Going back to KSA, what happened is not a "Drone" thing. It should be looked at as a missile, with advanced features, that needs to be addressed with Kinetic countermeasures. Maybe we can learn something from Israel. According to Wikipedia, "Israel has said that Hezbollah received at least 12 Ababils before 2006. Three Ababils were launched during the conflict. The first Ababil was shot down by an Israeli F-16 on 7 August 2006 off the coast of Northern Israel.

The second Ababil crashed inside Lebanon on 13 August. The third Ababil deployed by Hezbollah was shot down by another F-16 hours later just inside Israel's northern border."

Maybe KSA should take a similar approach? Yes, but based on a clear SOP.

There is a big difference between commercial grade drones and Qasif-1. For KSA to have an effective solution to airspace threats, they need to understand the drone technology used by attackers. What type of drones they can buy and fly, is the technology RF, GPS, or some other technology? You can assume that it's a GPS-enabled drone and purchase GPS jammers but how confident are you that they are not using non-GPS technology like navigation via lidar, quantum accelerometer, or triangulation navigation using communication signal regardless of who owns them. Your smartphones already collect this data, and many apps have access to this information.

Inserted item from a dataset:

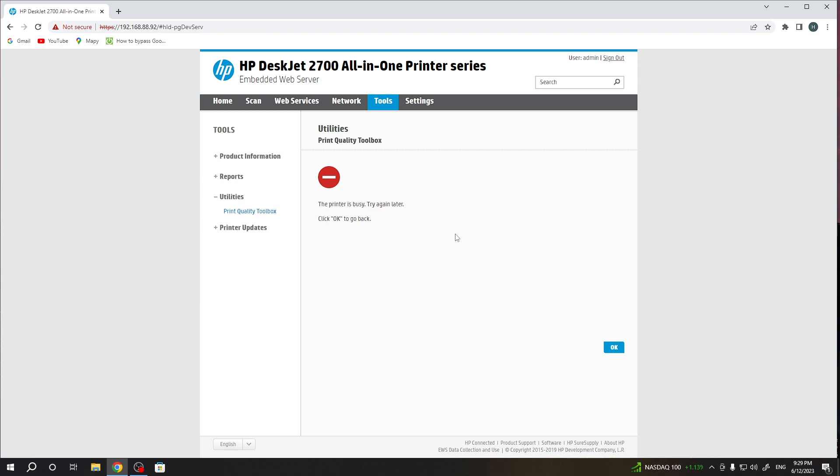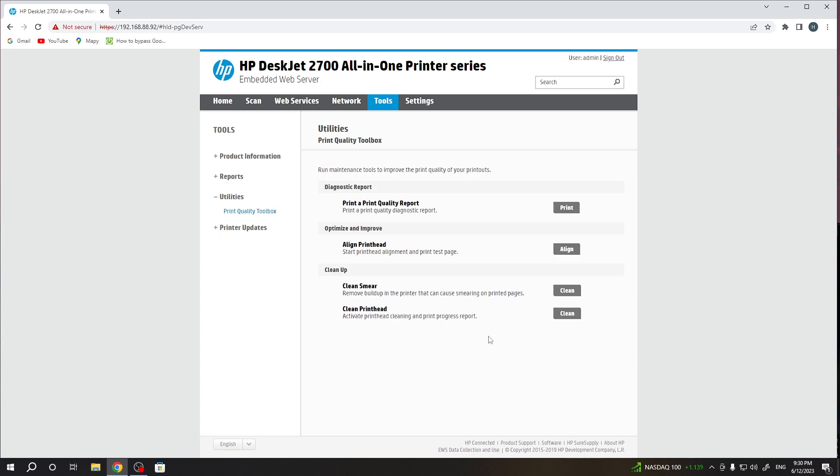But not in my case because I have no inks in my printer, which means I have all features locked. If you have inks, this process will proceed with success.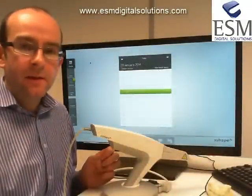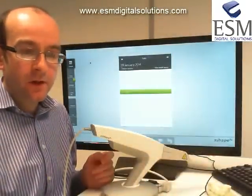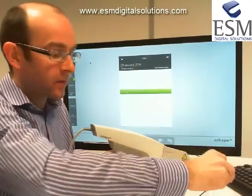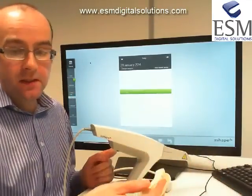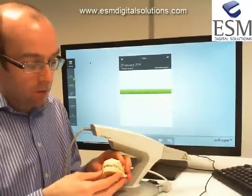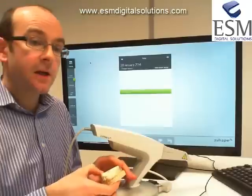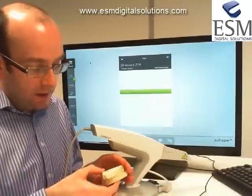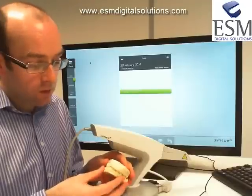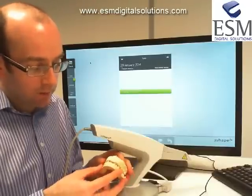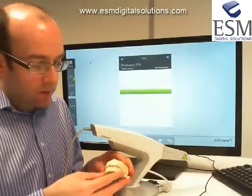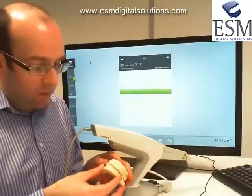Hi and welcome to another ESM training video clip. In this clip I'm going to take you through the TRIOS scanning process for a set of orthodontic models. We're going to work with just a standard set of stone models. This will give us a good overview of TRIOS - how we create an order, how we use the scanner, and I'm going to point out some tips and tricks to help you get a really good scan using best practices.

Security design based on assumption is a dangerous plan, and most likely, it will fail. You need to understand the technology and its limitations, along with building in redundancy and failsafe procedures. Technology is rarely the full solution, but it is here to help us. Technology should be used in conjunction with well-documented training procedures and practiced SOPs to achieve airspace security.